Ainsi, il apparaît que par l’émergence d’effets externes, « le rendement social du capital (est) supérieur à son rendement privé[1] ». Prenons l’exemple d’une plateforme d’échange (Deezer, YouTube etc.). L’arrivée sur ce réseau d’un utilisateur supplémentaire accroit l’utilisé de ce réseau pour l’ensemble des utilisateurs. Ainsi, cette connexion supplémentaire génère une externalité positive, et le bénéfice social qu’elle produit est supérieur au seul bénéfice privé de l’utilisateur n+1.
Se pose dès lors la question de la production de ces externalités.
Dans le cadre de Romer, la recherche est plus le fruit de la production des entreprises. L’Etat doit ici encore intervenir pour garantir la propriété intellectuelle, incitation à rechercher, tout en permettant la diffusion des nouvelles idées, pour ne pas laisser une trop grande et nuisible rente de monopoles aux entreprises innovantes. Le progrès technique implique la recherche d’un nécessaire et difficile équilibre entre rendement privé et rendement public.
Endogénéiser le progrès technique et envisager la production d’externalités positives a des implications théoriques et politiques. Quelles sont-elles ?
Si l’Etat doit intervenir pour financer les externalités de recherche…
La prise en compte de la connaissance, du capital humain et de la R&D s’appuie sur une hypothèse nouvelle : les rendements d’échelles sont désormais croissants. Dès lors, deux grands types de modèles peuvent être distingués en fonction du statut qu’ils confèrent aux connaissances : présentées comme un produit dérivé pour Arrow, elles sont le résultat d’une production pour Romer.

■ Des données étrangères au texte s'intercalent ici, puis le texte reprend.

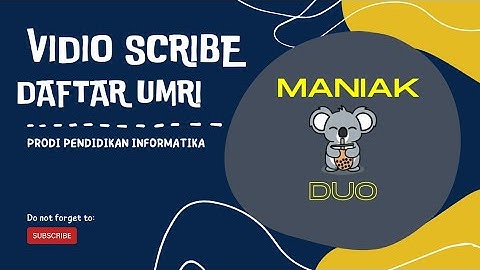 AYO DAFTAR DI UMRI PRODI Pendidikan Informatika || MANIAK DUO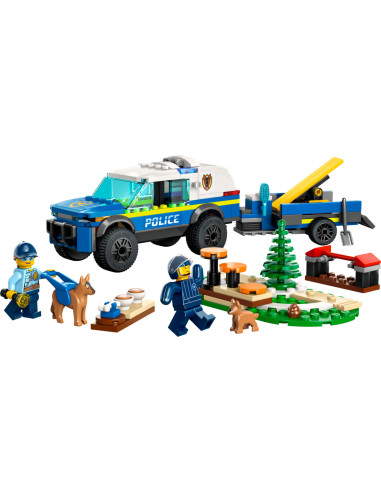 60369 Antrenament canin al poliției mobile,LEGO60369 60369 Antrenament canin al poliției mobile,LEGO60369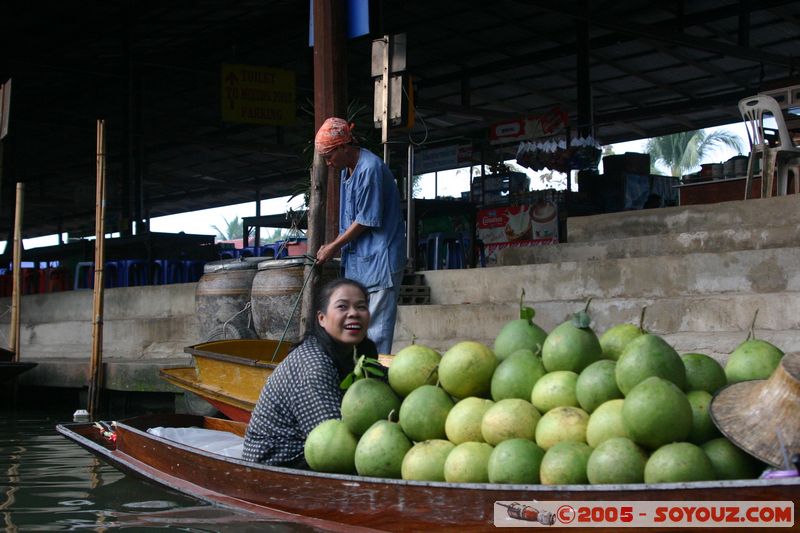 Damnoen Saduak - Marche Flottant
Mots-clés: thailand Marche floating market personnes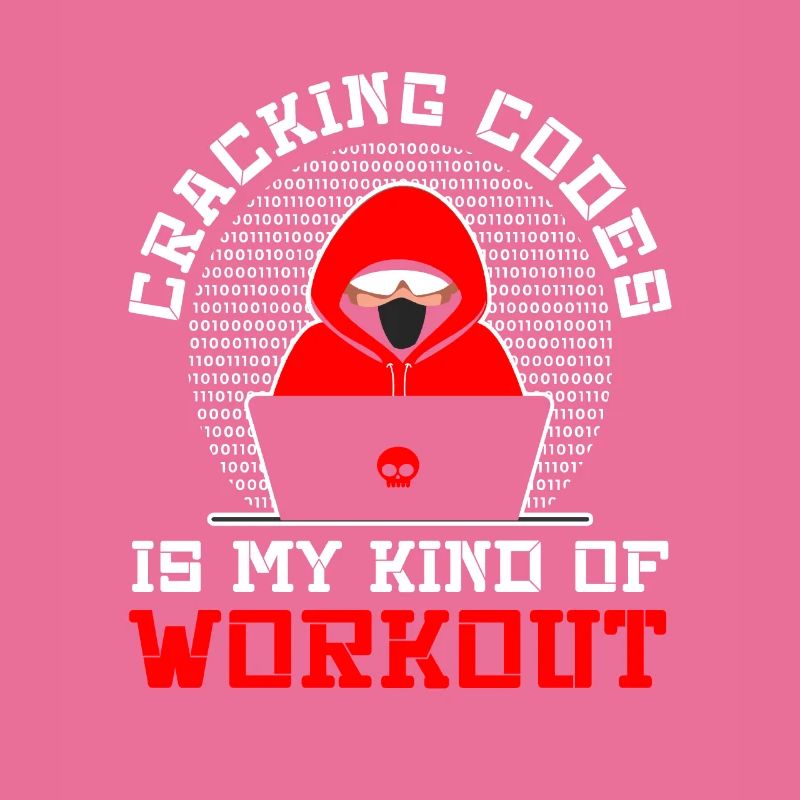 Cybersecurity Professional Hacker Cracking Codes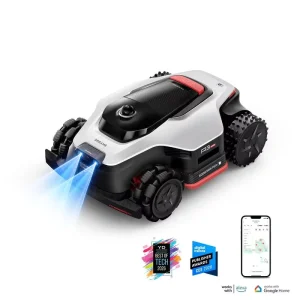 DREAME A3 AWD 1000 Robot Lawn Mower 360 3D LiDAR & AI Dual Vision Smart Robotic Mower For 0.25 Acre 80% Slopes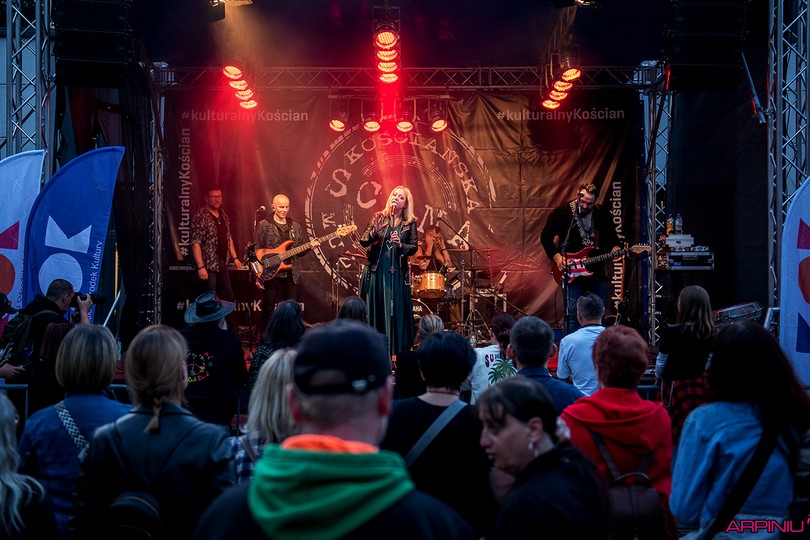 Rockowe otwarcie Dni Kościana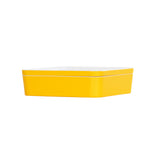Cal Mil 24131-10-42 Bento Box 10.5"W X 10.5"D X 3"H Square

Que l’accent soit mis sur la R&D (Romer) ou sur le système éducatif (Lucas), ces théories posent une question essentielle : celle de l’intervention publique dans la production des externalités.
Tout d’abord, Il convient de souligner que l’importance des dépenses publiques dans la théorie de la croissance endogène n’est pas du même ordre que celle de l’intervention étatique keynésienne. Alors que selon ce dernier, les dépenses publiques sont facteurs de croissance par un effet de demande, l’intervention de l’Etat repose ici sur un effet d’offre. Le développement d’infrastructures publiques, ou plus généralement les dépenses publiques, sont ici considérées comme un facteur de production bloquant la contraction des rendements marginaux du capital.
… Se pose cependant la question de son degré d’intervention.
Si les théoriciens de la croissance endogène ont placé l’éducation au cœur de leurs modèles (notamment Lucas), cela ne répond pas pour autant à la question du degré d’intervention de l’Etat. Par exemple, certains économistes ont mis en avant le caractère distortionnaire de l’éducation publique, soulignant que des subventions à l’éducation privée généraient davantage de croissance (Zhang, 1996).
La question du niveau optimal d’intervention publique soulève le problème du coût de la production des externalités. En effet, le financement par la fiscalité des dépenses publiques réduit la rentabilité de l’investissement privé. L’intervention de l’Etat est donc susceptible de faire naitre une distorsion, entrainant une baisse du niveau de la production. En ce sens, il convient pour l’Etat de procéder à un arbitrage entre le fruit de son intervention et l’effet d’éviction inhérent à cette même intervention.
Ces distorsions dues à la fiscalité ont été formalisées par Barro et Sala-i-Martin qui mettent en avant le caractère non linéaire du lien entre taux d’imposition et taux de croissance. Ils expliquent ainsi qu’il existe un taux d’imposition optimal, au delà duquel la contribution de l’Etat à la PGF est décroissante.
[1] Politique Economique, A. Bénassy-Quéré ; Benoit Coeuré ; Pierre Jacquet ; Jean Pisani-Ferry, Ouvertures Economiques, 2004.